How can that be? Well, every square centimeter of the wetlands surrounding the Amazon—in Manaus, for example— collects one kilowatt of energy per day. The energy collected by these wetlands exceeds 50% of all the energy consumed by the United States. The energy generated by the warm Gulf Stream, which isn’t the most important current on the planet—it’s the second largest—moves one hundred times more energy than all the energy consumed by humans on the planet.
-Francisco Amorrortu, interview conducted on July 8, 2023


“Archaeology —for all science is archaeology— is, to this day, irrefutable: until the arrival of the Spanish on the southern bank of the river, where Buenos Aires is located today, and in its immediate vicinity, there was no one. Whatever survived the last ice ages, happily awakening with the first warmth of the Holocene —human, animal, or plant— invariably avoided the flat, marshy areas near the river. Only the ambiguous, damp, and crawling fauna of the swamps teemed, along with the swarms of insects that darkened the air: ephemeral butterflies, horseflies, mosquitoes, and gnats.
The general term “vermin” (sabandija) that the Spanish used to describe that horde has survived to designate any harmful and despicable person, which indicates their perception of them, and they must have been excessively driven by their own delusion to confront them. The Indians, on the other hand, kept their distance. Those from the north—river nomads, hunters and fishermen of the Paraná and Uruguay rivers—almost never ventured beyond the delta, so as not to lose their footing or their sense of reality in those waters that, upon merging with the sea, widened and extended to infinity. Those from the south, despite the harsh climate, rarely crossed the northern limit of Patagonia, and even in 1869 they only traveled to the Atlantic coast out of necessity.“
-Juan José Saer, The River Without Banks (Buenos Aires: Ediciones de la Flor, 1986).
Atucha
The Zárate-Brazo Largo Railway Complex connects Zárate (Buenos Aires) with Brazo Largo (Entre Ríos) across the Paraná River, spanning two branches with bridges totaling approximately 4 km in length. It allows the passage of vehicles and trains, facilitates navigation and regional trade, and is key to the Mercosur infrastructure. Inaugurated in 1977, it was declared a National Historic Landmark. Before crossing into the Mesopotamian region, located between the Paraná and Uruguay rivers, and before tackling the great Zárate Bridge we made a detour towards the Atucha Nuclear Power Plant, in Zárate, Buenos Aires.
The Atucha Nuclear Power Plant is one of Argentina’s main nuclear facilities. It consists of Atucha I and Atucha II, both pressurized heavy water reactors (PHWRs), designed for electricity generation. Inaugurated in 1974, Atucha I produces around 362 MW, while Atucha II, operational since 2014, contributes approximately 745 MW. The plant is key to Argentina’s energy matrix and the country’s nuclear technological development; it produces 4% of the country’s electricity. It was the first operational nuclear power plant in South America, although the Angra’s I Nuclear Power Plant, in Brazil, construction began 4 years earlier.

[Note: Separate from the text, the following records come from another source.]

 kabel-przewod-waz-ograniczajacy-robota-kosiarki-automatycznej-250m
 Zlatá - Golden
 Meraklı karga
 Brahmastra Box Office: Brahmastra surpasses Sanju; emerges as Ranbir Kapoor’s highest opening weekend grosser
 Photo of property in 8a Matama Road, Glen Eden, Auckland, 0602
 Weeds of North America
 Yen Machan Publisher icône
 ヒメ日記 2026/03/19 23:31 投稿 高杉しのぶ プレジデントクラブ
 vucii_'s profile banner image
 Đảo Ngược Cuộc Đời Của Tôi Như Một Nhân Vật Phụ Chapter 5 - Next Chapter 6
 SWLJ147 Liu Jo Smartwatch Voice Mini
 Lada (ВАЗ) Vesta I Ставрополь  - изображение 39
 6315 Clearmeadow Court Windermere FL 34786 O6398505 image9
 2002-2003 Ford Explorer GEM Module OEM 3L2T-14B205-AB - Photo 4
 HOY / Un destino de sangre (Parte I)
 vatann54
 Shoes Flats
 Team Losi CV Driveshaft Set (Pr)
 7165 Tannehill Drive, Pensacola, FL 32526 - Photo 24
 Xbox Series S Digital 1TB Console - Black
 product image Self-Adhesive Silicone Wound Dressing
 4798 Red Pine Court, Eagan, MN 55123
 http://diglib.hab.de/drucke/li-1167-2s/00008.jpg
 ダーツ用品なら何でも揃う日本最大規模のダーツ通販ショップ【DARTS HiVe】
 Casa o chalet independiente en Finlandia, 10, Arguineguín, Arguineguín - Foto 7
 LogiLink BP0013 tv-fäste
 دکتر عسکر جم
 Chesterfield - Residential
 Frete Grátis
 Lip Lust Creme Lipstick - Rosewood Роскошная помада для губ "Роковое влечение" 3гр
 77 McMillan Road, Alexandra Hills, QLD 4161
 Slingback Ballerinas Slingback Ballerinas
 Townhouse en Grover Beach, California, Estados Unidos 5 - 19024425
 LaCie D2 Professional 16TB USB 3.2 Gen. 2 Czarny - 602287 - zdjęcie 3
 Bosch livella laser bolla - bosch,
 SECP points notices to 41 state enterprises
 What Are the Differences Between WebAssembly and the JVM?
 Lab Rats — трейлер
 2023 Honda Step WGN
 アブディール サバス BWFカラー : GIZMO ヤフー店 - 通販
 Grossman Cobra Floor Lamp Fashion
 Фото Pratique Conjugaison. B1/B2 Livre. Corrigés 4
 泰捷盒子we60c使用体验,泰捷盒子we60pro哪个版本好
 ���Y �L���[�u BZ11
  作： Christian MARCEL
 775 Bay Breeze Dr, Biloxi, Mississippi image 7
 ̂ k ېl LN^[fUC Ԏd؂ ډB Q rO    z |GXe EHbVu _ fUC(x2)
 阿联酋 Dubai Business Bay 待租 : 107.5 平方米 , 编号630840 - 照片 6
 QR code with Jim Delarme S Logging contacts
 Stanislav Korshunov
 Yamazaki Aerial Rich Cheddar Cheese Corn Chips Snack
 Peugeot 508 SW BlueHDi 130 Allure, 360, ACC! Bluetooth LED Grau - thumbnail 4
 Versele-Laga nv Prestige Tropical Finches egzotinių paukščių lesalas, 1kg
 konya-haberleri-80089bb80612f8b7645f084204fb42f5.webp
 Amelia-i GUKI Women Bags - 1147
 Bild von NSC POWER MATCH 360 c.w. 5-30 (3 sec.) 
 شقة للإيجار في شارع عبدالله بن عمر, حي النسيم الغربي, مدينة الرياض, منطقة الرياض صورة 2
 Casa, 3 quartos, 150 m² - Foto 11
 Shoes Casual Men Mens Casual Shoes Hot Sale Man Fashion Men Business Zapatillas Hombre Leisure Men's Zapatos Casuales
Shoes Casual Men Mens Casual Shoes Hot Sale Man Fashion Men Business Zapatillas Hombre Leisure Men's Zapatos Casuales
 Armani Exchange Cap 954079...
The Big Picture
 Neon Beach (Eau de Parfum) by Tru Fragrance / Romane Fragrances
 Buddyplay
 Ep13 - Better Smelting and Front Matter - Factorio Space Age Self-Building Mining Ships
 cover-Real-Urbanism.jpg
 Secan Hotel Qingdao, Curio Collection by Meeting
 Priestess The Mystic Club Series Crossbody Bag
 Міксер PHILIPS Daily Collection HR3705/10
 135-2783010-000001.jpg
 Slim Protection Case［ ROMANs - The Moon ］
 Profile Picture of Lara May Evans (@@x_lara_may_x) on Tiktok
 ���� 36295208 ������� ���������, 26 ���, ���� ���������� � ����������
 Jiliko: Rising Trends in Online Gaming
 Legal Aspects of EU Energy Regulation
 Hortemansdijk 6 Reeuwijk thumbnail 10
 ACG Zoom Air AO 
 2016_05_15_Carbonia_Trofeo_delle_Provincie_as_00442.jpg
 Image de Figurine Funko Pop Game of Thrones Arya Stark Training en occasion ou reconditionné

It was promoted by the National Government through the National Atomic Energy Commission (CNEA), with technology supplied by the German company Siemens/KWU, based on pressurized heavy water reactors. Geopolitically and geoeconomically, the project is situated within the context of the Cold War, when Argentina sought to consolidate its technological and energetic sovereignty, reduce its dependence on foreign oil suppliers, and position itself as a regional actor capable of developing its own nuclear technology.